Она говорит мне, чтобы я не клал трубку. Проходит еще одна долгая минута, после чего я слышу тяжелые, шумные шаги человека, сбегающего по лестнице. Кажется, что он перешагивает сразу через две или три ступеньки. Это Стюарт.
— Привет, как дела? — говорит запыхавшийся голос на том конце провода.
— Это Стинг, басист из Ньюкасла, — говорю я ему, все еще сомневаясь, что он меня помнит.
— Где ты? Ты в Лондоне?
— Да, в общем-то, я в Мэйфэйр, — говорю я с некоторым смущением.
Мне приходит в голову, что гораздо лучше было бы позвонить от Пиппы, вместо того чтобы выглядеть каким-то бездомным бродягой с улицы.
— А где именно?
— В телефонной будке на… Грин-стрит.
— Да нет, дорогой, это мы на Грин-стрит, дом 26, верхний этаж. Заходи. Теперь я уже по-настоящему смущен. Он может подумать, будто я выследил его.
— Хорошо. Сейчас, — говорю я, глядя вверх на ряд георгианских домов, громоздящихся над улицей в тусклом свете уличной лампы.
Вся эта затея сразу представляется мне крайне неудачной. Надо просто взять и поехать домой, к Фрэнсис и малышу. То, что я делаю — очередное сумасбродство. Я теряю время, а этот парень пригласил меня просто из вежливости. С другой стороны, на следующей неделе в Лондон приедет наша группа из Ньюкасла, чтобы дать здесь один концерт, и, возможно, сейчас мне удастся договориться еще о каком-нибудь выступлении. Я смотрю на темную улицу, на автомобили, проезжающие по Парк-Лейн на юг. Я думаю о том, правильно ли я поступаю. Потом я направляюсь в сторону массивных зданий на той стороне улицы и чувствуя, что мои нервы понемногу успокаиваются, пытаюсь разглядеть сквозь туман номера домов. Дом номер 26 — это внушительное здание восемнадцатого века с колоннадой у входа. Сквозь витражи входной двери я заглядываю в холл и нажимаю на кнопку, которая по всем признакам должна быть звонком на последний этаж. Дверь издает жужжащий звук и непостижимым образом открывается. Я вхожу и поднимаюсь по импозантной, покрытой дорогим ковром лестнице на четвертый этаж, где из-за приоткрытой двери доносятся нестройные звуки музыки. Переступив порог тускло освещенной квартиры, я вижу бородатого человека с длинными, темными волосами. Он сидит со скрещенными ногами и играет на бас-гитаре, присоединенной к маленькому портативному усилителю. Я немедленно замечаю, что играет он не очень хорошо, и звук, который он производит, больше напоминает жужжание насекомого, бьющегося о стекло, чем нормальное звучное рокотание инструмента. Абсолютно безразличный к моему присутствию, он сидит в самом центре сооружения, напоминающего восточное святилище, с закатившимися глазами, как человек, находящийся в трансе, или безумец.
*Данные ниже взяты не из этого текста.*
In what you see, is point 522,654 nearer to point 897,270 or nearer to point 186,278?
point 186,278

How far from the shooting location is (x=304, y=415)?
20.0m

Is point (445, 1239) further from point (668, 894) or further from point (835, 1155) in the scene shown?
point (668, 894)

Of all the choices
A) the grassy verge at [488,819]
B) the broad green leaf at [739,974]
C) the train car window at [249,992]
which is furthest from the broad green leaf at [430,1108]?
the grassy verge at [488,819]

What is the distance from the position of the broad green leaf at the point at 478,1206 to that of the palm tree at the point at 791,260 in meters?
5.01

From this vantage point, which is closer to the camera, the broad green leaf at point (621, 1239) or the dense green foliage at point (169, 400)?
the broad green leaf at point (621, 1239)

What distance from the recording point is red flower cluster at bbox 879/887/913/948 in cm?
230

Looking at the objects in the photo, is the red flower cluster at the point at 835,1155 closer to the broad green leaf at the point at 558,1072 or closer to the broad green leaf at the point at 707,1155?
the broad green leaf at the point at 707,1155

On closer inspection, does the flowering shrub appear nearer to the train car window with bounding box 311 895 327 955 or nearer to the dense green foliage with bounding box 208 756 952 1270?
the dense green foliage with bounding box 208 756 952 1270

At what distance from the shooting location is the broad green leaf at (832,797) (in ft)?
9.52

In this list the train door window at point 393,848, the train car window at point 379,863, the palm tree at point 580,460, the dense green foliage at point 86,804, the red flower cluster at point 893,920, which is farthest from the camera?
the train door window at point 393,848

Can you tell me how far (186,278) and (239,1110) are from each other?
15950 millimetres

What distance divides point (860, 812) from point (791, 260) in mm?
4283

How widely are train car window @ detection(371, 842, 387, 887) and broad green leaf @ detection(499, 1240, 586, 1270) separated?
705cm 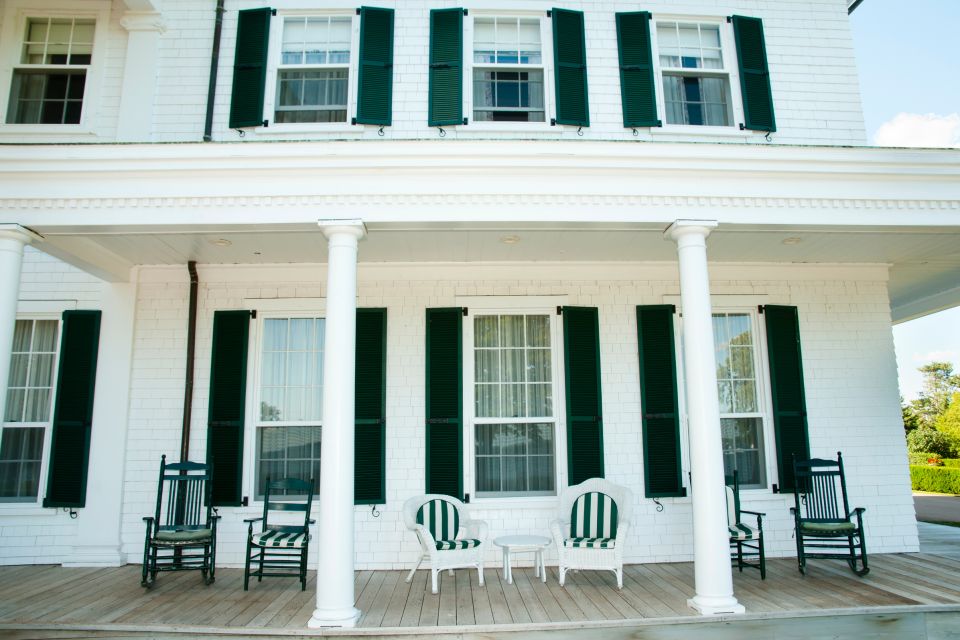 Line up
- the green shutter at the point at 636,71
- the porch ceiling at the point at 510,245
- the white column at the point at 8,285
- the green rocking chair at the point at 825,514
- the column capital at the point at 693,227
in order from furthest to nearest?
the green shutter at the point at 636,71, the green rocking chair at the point at 825,514, the porch ceiling at the point at 510,245, the column capital at the point at 693,227, the white column at the point at 8,285

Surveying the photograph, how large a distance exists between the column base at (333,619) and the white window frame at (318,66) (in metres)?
4.53

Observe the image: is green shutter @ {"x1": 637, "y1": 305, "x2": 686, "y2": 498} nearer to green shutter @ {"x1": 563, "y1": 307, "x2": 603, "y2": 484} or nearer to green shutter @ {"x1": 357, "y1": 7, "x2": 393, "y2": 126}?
green shutter @ {"x1": 563, "y1": 307, "x2": 603, "y2": 484}

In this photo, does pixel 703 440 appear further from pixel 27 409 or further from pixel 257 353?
pixel 27 409

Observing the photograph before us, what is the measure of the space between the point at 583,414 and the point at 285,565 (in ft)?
10.5

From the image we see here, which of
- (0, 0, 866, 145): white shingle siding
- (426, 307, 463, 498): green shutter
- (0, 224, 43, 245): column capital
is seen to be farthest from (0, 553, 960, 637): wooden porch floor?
(0, 0, 866, 145): white shingle siding

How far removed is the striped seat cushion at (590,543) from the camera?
5.31 meters

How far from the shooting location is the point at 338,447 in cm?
441

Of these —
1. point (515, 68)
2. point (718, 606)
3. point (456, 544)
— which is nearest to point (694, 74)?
point (515, 68)

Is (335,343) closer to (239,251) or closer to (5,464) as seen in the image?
(239,251)

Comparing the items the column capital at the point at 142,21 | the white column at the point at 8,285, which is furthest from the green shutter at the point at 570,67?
the white column at the point at 8,285

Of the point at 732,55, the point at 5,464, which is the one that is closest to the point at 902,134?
the point at 732,55

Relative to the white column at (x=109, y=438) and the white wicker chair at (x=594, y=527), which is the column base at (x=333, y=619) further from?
the white column at (x=109, y=438)

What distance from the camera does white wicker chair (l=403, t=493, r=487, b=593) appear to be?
17.4 ft

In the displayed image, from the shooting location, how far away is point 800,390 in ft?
21.6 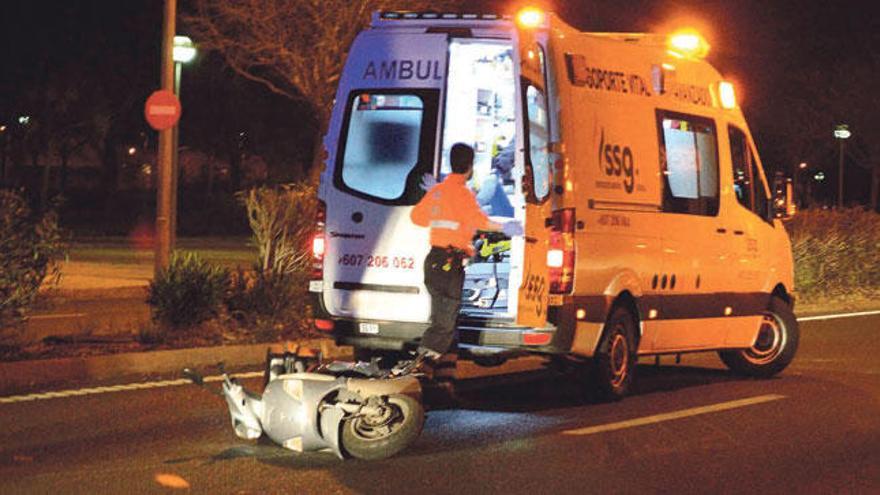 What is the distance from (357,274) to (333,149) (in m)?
0.95

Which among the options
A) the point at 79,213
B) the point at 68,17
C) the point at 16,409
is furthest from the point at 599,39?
the point at 79,213

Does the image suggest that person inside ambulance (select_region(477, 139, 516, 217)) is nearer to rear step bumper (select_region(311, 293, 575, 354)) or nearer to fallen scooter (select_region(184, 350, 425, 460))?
rear step bumper (select_region(311, 293, 575, 354))

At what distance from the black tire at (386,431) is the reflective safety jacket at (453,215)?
4.35 ft

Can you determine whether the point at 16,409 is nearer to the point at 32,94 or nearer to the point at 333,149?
the point at 333,149

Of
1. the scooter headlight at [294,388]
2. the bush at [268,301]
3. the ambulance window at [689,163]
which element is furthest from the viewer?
the bush at [268,301]

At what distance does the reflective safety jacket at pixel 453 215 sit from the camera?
9.38 meters

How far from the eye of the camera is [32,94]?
4644 cm

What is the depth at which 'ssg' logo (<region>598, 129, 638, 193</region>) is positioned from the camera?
10.4 m

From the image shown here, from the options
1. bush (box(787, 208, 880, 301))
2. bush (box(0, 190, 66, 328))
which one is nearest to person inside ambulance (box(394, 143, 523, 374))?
bush (box(0, 190, 66, 328))

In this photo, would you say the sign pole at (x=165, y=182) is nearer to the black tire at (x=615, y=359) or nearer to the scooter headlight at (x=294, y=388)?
the black tire at (x=615, y=359)

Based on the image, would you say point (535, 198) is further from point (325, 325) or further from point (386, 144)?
point (325, 325)

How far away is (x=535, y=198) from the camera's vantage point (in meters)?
9.75

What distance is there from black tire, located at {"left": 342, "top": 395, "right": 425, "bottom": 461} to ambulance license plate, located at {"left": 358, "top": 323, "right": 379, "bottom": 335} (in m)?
1.74

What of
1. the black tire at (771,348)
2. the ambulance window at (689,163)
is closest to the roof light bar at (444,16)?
the ambulance window at (689,163) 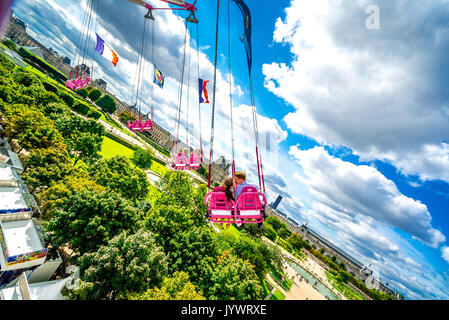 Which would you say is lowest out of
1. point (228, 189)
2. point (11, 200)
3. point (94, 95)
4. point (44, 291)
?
point (44, 291)

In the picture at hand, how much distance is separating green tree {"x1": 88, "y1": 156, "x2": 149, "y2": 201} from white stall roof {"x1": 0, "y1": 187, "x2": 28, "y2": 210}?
23.6 feet

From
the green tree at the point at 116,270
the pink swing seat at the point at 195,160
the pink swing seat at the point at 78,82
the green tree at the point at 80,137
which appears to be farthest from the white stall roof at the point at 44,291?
the green tree at the point at 80,137

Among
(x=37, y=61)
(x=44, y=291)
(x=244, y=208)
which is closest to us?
(x=244, y=208)

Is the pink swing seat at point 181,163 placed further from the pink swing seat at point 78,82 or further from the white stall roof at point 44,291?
the pink swing seat at point 78,82

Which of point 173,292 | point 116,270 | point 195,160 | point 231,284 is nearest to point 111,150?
point 195,160

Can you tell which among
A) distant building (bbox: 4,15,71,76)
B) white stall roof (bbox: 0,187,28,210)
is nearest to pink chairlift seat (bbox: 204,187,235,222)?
white stall roof (bbox: 0,187,28,210)

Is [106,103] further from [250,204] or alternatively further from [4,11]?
[250,204]

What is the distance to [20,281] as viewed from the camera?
39.0ft

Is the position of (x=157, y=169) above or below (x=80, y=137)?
below

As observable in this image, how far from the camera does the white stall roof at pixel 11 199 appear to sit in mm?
14910

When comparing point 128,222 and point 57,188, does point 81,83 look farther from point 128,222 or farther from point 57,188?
point 128,222

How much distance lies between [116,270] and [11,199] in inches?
473

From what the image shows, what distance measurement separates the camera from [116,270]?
40.7ft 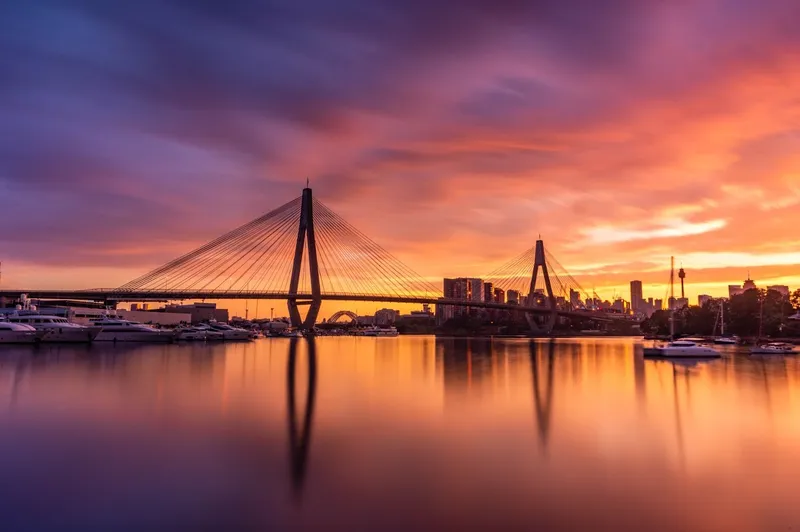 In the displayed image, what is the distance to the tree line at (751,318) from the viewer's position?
75.4m

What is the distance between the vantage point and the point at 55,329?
52.8 metres

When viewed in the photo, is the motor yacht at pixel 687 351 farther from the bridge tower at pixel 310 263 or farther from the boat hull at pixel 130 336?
the boat hull at pixel 130 336

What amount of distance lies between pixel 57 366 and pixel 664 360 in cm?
4575

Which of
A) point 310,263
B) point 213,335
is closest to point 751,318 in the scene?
point 310,263

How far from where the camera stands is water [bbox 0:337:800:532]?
9391 millimetres

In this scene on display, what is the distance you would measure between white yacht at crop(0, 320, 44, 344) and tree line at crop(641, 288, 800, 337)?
78187mm

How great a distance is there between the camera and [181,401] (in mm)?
21016

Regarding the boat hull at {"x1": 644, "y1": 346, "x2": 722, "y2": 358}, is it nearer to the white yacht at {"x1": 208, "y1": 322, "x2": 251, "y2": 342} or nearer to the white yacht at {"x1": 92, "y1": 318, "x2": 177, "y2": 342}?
the white yacht at {"x1": 208, "y1": 322, "x2": 251, "y2": 342}

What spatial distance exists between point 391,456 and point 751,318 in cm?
8176

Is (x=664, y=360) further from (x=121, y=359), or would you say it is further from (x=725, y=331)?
(x=725, y=331)

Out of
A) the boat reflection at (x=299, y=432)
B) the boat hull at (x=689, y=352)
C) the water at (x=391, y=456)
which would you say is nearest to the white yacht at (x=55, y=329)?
the water at (x=391, y=456)

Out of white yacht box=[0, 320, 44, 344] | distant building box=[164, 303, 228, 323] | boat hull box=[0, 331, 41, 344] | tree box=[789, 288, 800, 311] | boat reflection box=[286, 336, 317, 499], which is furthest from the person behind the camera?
distant building box=[164, 303, 228, 323]

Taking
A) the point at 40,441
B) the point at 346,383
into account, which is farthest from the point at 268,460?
the point at 346,383

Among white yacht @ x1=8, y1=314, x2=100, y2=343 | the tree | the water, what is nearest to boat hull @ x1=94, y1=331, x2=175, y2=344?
white yacht @ x1=8, y1=314, x2=100, y2=343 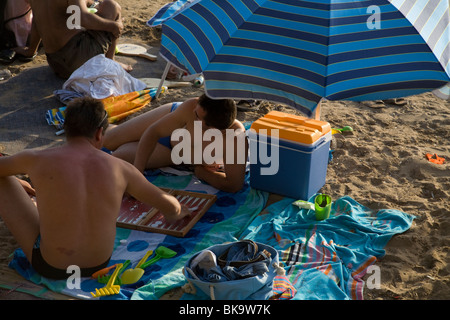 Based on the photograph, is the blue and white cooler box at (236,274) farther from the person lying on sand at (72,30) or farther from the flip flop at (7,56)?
the flip flop at (7,56)

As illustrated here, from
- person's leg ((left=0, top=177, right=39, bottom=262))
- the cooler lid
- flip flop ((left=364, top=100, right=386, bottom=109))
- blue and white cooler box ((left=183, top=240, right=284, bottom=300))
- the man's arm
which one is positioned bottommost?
flip flop ((left=364, top=100, right=386, bottom=109))

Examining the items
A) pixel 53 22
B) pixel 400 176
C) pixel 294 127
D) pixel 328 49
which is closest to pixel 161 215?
pixel 294 127

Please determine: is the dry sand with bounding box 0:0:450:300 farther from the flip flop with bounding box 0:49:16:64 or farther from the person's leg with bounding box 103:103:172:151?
the person's leg with bounding box 103:103:172:151

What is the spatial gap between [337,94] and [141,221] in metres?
1.72

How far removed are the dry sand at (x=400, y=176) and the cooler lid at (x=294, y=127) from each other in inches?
23.8

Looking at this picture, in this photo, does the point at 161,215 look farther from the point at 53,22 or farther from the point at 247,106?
the point at 53,22

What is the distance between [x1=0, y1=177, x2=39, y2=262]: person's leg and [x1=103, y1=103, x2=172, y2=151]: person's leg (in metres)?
1.51

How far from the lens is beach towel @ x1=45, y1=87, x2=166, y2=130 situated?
570 cm

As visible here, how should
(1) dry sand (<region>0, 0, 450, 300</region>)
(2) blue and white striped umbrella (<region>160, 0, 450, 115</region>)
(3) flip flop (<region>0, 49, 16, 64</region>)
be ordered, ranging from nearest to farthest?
(2) blue and white striped umbrella (<region>160, 0, 450, 115</region>) → (1) dry sand (<region>0, 0, 450, 300</region>) → (3) flip flop (<region>0, 49, 16, 64</region>)

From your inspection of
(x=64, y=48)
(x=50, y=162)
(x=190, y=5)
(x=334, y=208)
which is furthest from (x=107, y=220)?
(x=64, y=48)

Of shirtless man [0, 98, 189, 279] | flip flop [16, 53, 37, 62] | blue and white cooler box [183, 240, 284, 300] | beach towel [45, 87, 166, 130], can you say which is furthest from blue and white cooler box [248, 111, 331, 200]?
flip flop [16, 53, 37, 62]

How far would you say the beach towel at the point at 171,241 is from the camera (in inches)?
134

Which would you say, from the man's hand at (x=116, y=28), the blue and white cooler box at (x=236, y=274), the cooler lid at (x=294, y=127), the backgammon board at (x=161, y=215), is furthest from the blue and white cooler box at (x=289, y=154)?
the man's hand at (x=116, y=28)

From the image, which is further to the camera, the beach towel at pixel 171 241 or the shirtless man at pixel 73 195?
the beach towel at pixel 171 241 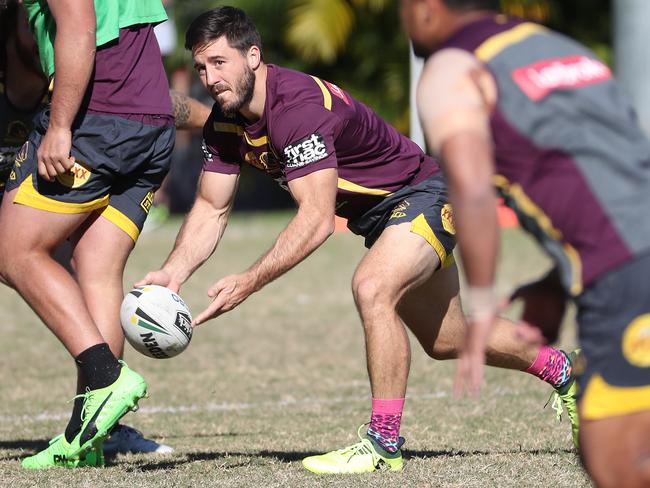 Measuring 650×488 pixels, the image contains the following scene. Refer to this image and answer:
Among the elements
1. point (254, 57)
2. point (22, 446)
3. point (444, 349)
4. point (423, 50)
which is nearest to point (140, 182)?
point (254, 57)

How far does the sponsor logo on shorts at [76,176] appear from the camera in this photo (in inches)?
211

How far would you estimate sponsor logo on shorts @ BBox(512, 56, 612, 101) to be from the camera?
3398 millimetres

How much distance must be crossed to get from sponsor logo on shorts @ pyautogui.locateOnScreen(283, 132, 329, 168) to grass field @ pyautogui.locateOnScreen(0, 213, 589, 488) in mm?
1371

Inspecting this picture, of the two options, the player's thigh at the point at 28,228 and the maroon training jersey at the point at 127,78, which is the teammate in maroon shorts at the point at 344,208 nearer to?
the maroon training jersey at the point at 127,78

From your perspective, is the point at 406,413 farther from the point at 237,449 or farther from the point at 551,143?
the point at 551,143

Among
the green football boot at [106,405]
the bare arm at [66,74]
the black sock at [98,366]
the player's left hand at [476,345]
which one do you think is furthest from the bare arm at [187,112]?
the player's left hand at [476,345]

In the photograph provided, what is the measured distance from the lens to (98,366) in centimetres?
527

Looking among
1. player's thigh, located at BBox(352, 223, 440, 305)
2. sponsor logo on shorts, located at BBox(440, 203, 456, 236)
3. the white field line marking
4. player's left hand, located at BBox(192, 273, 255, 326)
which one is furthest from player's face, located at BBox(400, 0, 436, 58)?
the white field line marking

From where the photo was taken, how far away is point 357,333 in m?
10.1

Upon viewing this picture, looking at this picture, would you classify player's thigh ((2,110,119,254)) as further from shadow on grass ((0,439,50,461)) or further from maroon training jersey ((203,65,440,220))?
shadow on grass ((0,439,50,461))

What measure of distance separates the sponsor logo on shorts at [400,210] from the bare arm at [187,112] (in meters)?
1.17

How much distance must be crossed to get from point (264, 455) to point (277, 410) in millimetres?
1422

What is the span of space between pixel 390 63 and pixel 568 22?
10.5 ft

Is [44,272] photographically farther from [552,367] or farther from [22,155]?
[552,367]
Я начинаю рассматривать комнату. Здесь много восточных вещей: кальян, цветные восточные ткани, чеканка, арабские мечи и кинжалы, шелковые покрывала и подушки, на которых пристало бы возлежать обитательницам гарема. В комнате ощущается легкий запах благовоний и пачулей. Через открытую дверь в другую комнату я вижу очень красивую девушку с длинными рыжими волосами. Очаровательно надув губы, она рассеянно перебирает струны маленькой гитары и тихонько мурлычет что-то себе под нос, как будто тоже погружена глубоко в себя. Должно быть, именно ее голос я слышал в телефонной трубке, но, помимо всего прочего, ее лицо кажется мне удивительно знакомым.
Я не могу разобрать, что именно она играет, но, в любом случае, эта музыка не имеет никакого отношения к партии баса, которая звучит рядом, равно как и к беспорядочному грохоту ударной установки, который доносится сверху. Все это приводит меня в сильное замешательство. Вдруг из комнаты, похожей на кухню, появляется еще одна женщина. Она очень крупная, с длинными черными волосами и мускулистыми ногами, в сияющих туфлях на высоких каблуках. У нее огромные руки, которыми она изо всех сил зажимает уши, а, проходя мимо, задевает меня так, что я едва не скатываюсь вниз по лестнице. Она явно недовольна тем, что происходит в квартире, и устремляет на меня сердитый, угрожающий взгляд, потому что я — единственный из присутствующих, кто обращает на нее хоть какое-то внимание. Мои неуверенные извинения заглушает звук громко захлопнутой двери, когда эта мрачная дама скрывается в спальне. Я попал в какое-то странное место.
Рыжеволосая девушка вяло улыбается мне, глядя на меня сонными, полузакрытыми глазами, и я воспринимаю эту улыбку как разрешение подняться на верхний этаж.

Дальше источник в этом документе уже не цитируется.